Journal of Hydrology: Regional Studies (Apr 2024)
A novel framework for feature simplification and selection in flood susceptibility assessment based on machine learning
Abstract
Study region: Yangtze River Delta core urban agglomeration, China Study focus: Traditional research on flood susceptibility assessment using machine learning often seeks to enhance model performance by increasing the number of input variables, which is impractical in regions with limited data availability. In this study, we constructed a variable system comprising 13 features for flood susceptibility assessment through machine learning techniques. A flexible framework, primarily incorporating methods for importance value calculation and repeated random sampling, were established to identify a minimal set of features that yield high-performance classifiers.
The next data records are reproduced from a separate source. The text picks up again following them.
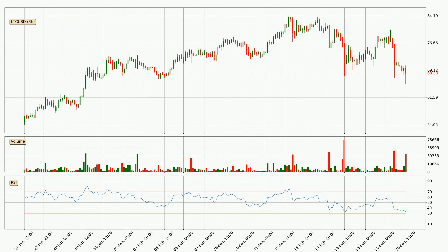Looking at the three hourly relative strength index, the current three hourly RSI of 33 is in the lower region, which means that the price is oversold and a rebound or some kind of consolidation is possible. Searching for divergence in the three hourly time frame, there is a bullish divergence, which means the price could go up from now or at least consolidate for some time.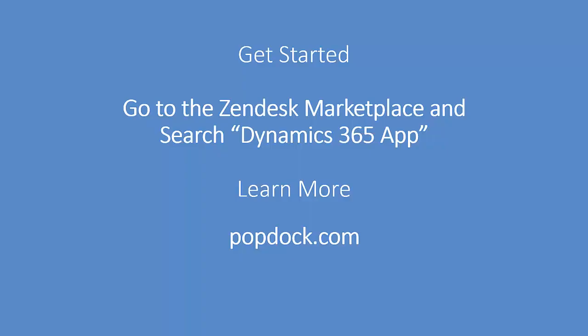If you're ready to get started, you can go to the Zendesk Marketplace and search Dynamics 365 app, or if you'd like to learn more, you can go to popdoc.com.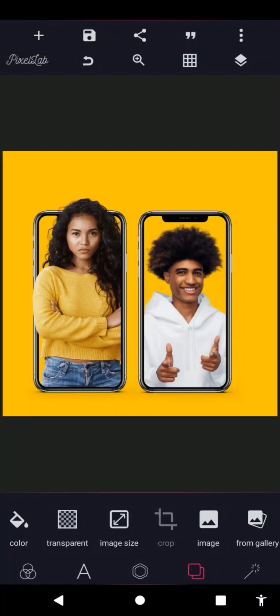In today's tutorial, I'm going to show you guys how you can easily max your images into a phone frame — or your screenshots, whatever it is that you want to put in the phone frame. I'm going to show you how you can do that with Pixelab. So with that being said, let's get right to it.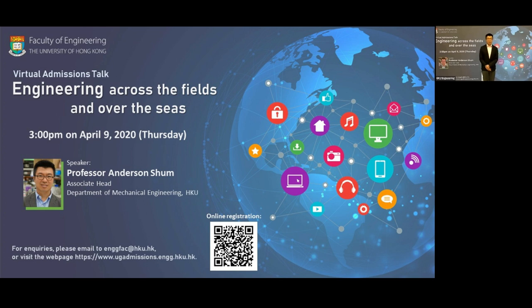Good afternoon everybody. My name is Anderson Shum. I am a professor and associate head of the Department of Mechanical Engineering at the University of Hong Kong. Today it's a great honor to have you all here. During this difficult period all of us are stuck home, so hopefully you can spend the next 30 to 45 minutes learning something interesting that may have big implications on your future.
Finally, the feasibility of the proposed framework was verified by comparing the classifier performances and flood susceptibility maps. New hydrological insights for the region: Results underscored the significance of features such as Land Use / Land Cover, Impervious Area, Normalized Difference Vegetation Index, Distance to Lake and Built-up Probability in model development. These five features proved sufficient to produce a classifier with Area Under the Curve (AUC) indices exceeding 0.9 for both training and testing data. Susceptibility maps generated using varying feature counts revealed that regions with limited vegetation cover and near lakes face higher flood susceptibility. The framework's feasibility and viability were confirmed by the excellent classifier performance (mean AUC > 0.9) with reduced features and the consistent outcomes of generated maps, offering theoretical and technical support for flooding research in data-constrained regions.